Items from a dataset
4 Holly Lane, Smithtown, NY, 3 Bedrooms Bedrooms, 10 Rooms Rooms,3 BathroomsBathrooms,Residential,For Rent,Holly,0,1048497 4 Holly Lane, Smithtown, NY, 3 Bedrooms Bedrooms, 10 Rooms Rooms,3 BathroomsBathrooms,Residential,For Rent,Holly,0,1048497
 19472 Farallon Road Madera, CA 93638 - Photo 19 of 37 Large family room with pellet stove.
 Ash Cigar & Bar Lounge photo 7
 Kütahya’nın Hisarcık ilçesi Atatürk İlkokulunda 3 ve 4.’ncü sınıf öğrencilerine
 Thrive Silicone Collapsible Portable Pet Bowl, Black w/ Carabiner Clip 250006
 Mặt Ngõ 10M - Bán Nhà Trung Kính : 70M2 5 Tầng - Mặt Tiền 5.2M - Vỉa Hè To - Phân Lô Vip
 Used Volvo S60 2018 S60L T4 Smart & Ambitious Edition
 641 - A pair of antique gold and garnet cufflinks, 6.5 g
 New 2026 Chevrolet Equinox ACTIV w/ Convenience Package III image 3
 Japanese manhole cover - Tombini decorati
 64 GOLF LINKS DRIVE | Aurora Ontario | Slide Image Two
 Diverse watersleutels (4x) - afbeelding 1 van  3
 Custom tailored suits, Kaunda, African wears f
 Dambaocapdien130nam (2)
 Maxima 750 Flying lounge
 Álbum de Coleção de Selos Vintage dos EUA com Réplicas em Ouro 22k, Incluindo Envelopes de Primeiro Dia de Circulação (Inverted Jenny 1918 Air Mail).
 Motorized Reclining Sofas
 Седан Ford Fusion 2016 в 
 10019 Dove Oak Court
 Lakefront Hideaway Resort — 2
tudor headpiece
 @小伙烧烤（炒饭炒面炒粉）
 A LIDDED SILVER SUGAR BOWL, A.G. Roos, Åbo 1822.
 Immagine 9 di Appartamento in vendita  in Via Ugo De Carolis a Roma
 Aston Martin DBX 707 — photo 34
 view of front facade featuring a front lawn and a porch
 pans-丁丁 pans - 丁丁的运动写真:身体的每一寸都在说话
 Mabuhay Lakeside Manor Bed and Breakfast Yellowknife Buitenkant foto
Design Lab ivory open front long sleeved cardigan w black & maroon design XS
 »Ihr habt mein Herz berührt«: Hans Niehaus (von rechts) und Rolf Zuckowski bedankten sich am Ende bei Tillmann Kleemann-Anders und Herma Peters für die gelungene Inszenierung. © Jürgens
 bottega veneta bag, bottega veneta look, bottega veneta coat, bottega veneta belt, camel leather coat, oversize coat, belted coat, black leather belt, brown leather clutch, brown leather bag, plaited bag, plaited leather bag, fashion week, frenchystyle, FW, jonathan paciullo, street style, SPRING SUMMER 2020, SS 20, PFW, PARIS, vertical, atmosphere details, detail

§ **What is needed**: An exact copy of every line above is needed.

§ **Exercise solution**:
4 Holly Lane, Smithtown, NY, 3 Bedrooms Bedrooms, 10 Rooms Rooms,3 BathroomsBathrooms,Residential,For Rent,Holly,0,1048497 4 Holly Lane, Smithtown, NY, 3 Bedrooms Bedrooms, 10 Rooms Rooms,3 BathroomsBathrooms,Residential,For Rent,Holly,0,1048497
 19472 Farallon Road Madera, CA 93638 - Photo 19 of 37 Large family room with pellet stove.
 Ash Cigar & Bar Lounge photo 7
 Kütahya’nın Hisarcık ilçesi Atatürk İlkokulunda 3 ve 4.’ncü sınıf öğrencilerine
 Thrive Silicone Collapsible Portable Pet Bowl, Black w/ Carabiner Clip 250006
 Mặt Ngõ 10M - Bán Nhà Trung Kính : 70M2 5 Tầng - Mặt Tiền 5.2M - Vỉa Hè To - Phân Lô Vip
 Used Volvo S60 2018 S60L T4 Smart & Ambitious Edition
 641 - A pair of antique gold and garnet cufflinks, 6.5 g
 New 2026 Chevrolet Equinox ACTIV w/ Convenience Package III image 3
 Japanese manhole cover - Tombini decorati
 64 GOLF LINKS DRIVE | Aurora Ontario | Slide Image Two
 Diverse watersleutels (4x) - afbeelding 1 van  3
 Custom tailored suits, Kaunda, African wears f
 Dambaocapdien130nam (2)
 Maxima 750 Flying lounge
 Álbum de Coleção de Selos Vintage dos EUA com Réplicas em Ouro 22k, Incluindo Envelopes de Primeiro Dia de Circulação (Inverted Jenny 1918 Air Mail).
 Motorized Reclining Sofas
 Седан Ford Fusion 2016 в 
 10019 Dove Oak Court
 Lakefront Hideaway Resort — 2
tudor headpiece
 @小伙烧烤（炒饭炒面炒粉）
 A LIDDED SILVER SUGAR BOWL, A.G. Roos, Åbo 1822.
 Immagine 9 di Appartamento in vendita  in Via Ugo De Carolis a Roma
 Aston Martin DBX 707 — photo 34
 view of front facade featuring a front lawn and a porch
 pans-丁丁 pans - 丁丁的运动写真:身体的每一寸都在说话
 Mabuhay Lakeside Manor Bed and Breakfast Yellowknife Buitenkant foto
Design Lab ivory open front long sleeved cardigan w black & maroon design XS
 »Ihr habt mein Herz berührt«: Hans Niehaus (von rechts) und Rolf Zuckowski bedankten sich am Ende bei Tillmann Kleemann-Anders und Herma Peters für die gelungene Inszenierung. © Jürgens
 bottega veneta bag, bottega veneta look, bottega veneta coat, bottega veneta belt, camel leather coat, oversize coat, belted coat, black leather belt, brown leather clutch, brown leather bag, plaited bag, plaited leather bag, fashion week, frenchystyle, FW, jonathan paciullo, street style, SPRING SUMMER 2020, SS 20, PFW, PARIS, vertical, atmosphere details, detail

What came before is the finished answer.